§ DATA TO USE:
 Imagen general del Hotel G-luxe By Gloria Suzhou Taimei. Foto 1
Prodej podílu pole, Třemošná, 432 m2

...

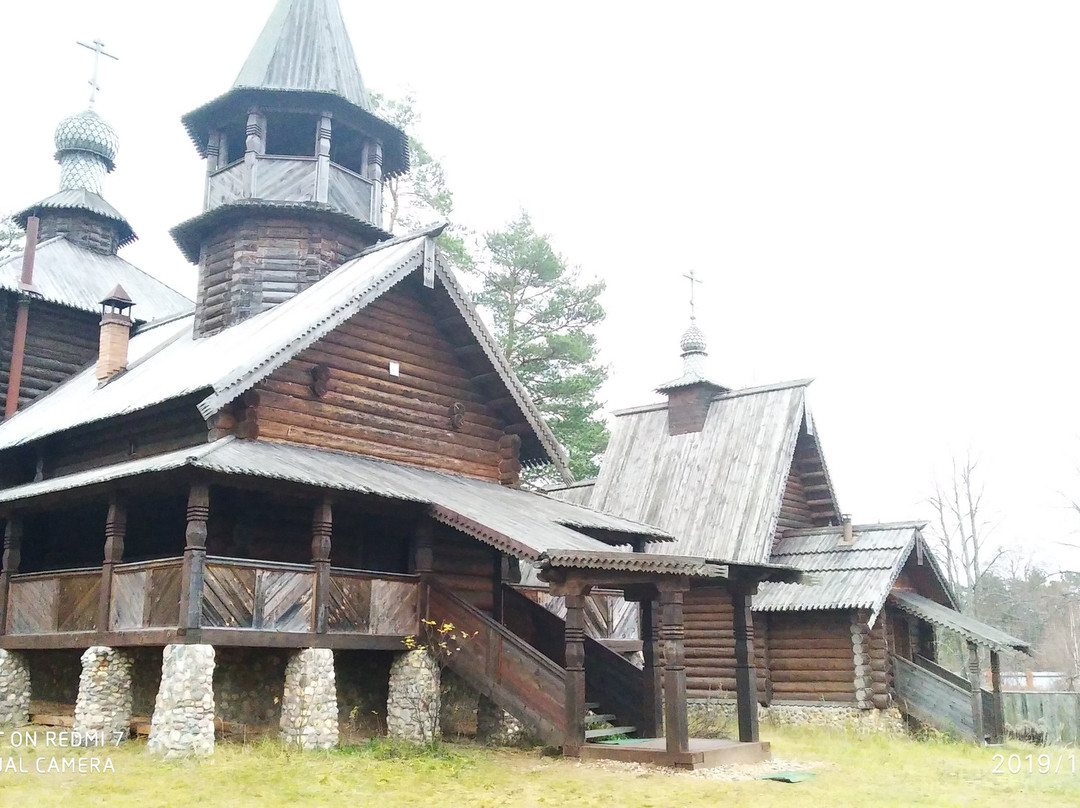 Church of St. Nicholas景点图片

§ YOUR GOAL:
Starting at the line above that contains "Imagen general del", repeat each line exactly up to and including the line that contains "Prodej podílu pole, Třemošná, 432 m2", and stop there.

§ ANSWER SPACE:
 Imagen general del Hotel G-luxe By Gloria Suzhou Taimei. Foto 1
Prodej podílu pole, Třemošná, 432 m2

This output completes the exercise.